Charing Cross station could be shut or reduced in size, Waterloo East could be moved over Southwark tube station and the services into Charing Cross would run back-to-back with some into Waterloo.

This Google Map shows the stations and the lines.

Southern Crossrail

Southern Crossrail

Destinations Served

Destinations in the West could include.

With the following destinations in the East.

At least it does something useful with the Hayes Line.

Building Southern Crossrail

Southern Crossrail say this about the engineering required.

The minimum engineering requirement would be for the centre part of the concourse at Waterloo to rise up over four through tracks. There would need to be lifts and escalators.

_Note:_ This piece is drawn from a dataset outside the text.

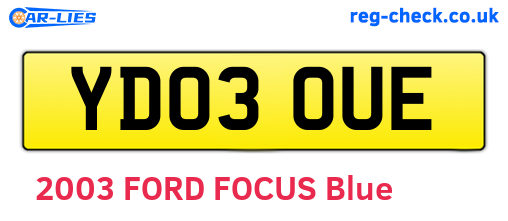 YD03OUE are the vehicle registration plates.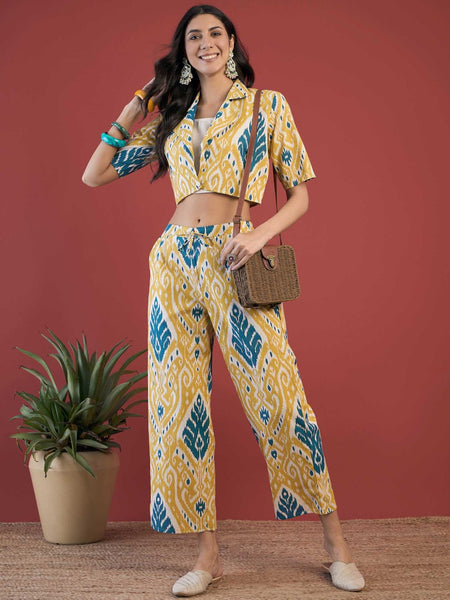 Ethnic Motifs Printed Top Jacket With Trousers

A new bridge, alongside the old one, would be required to carry three new tracks over Waterloo Road.

The old bridge referred to is the one that is referred to in Wikipedia, as being used for storage.

The engineering involved is probably no more difficult than that used to update Thameslink at London Bridge, with the new viaducts over Borough Market.

But I can remember , that when that project was mooted, there was a lot of local opposition.

Given the farce of at times, when London Bridge station was being rebuilt, I think passenger groups will be against the changes.

Southern Crossrail give these additional changes on their web site.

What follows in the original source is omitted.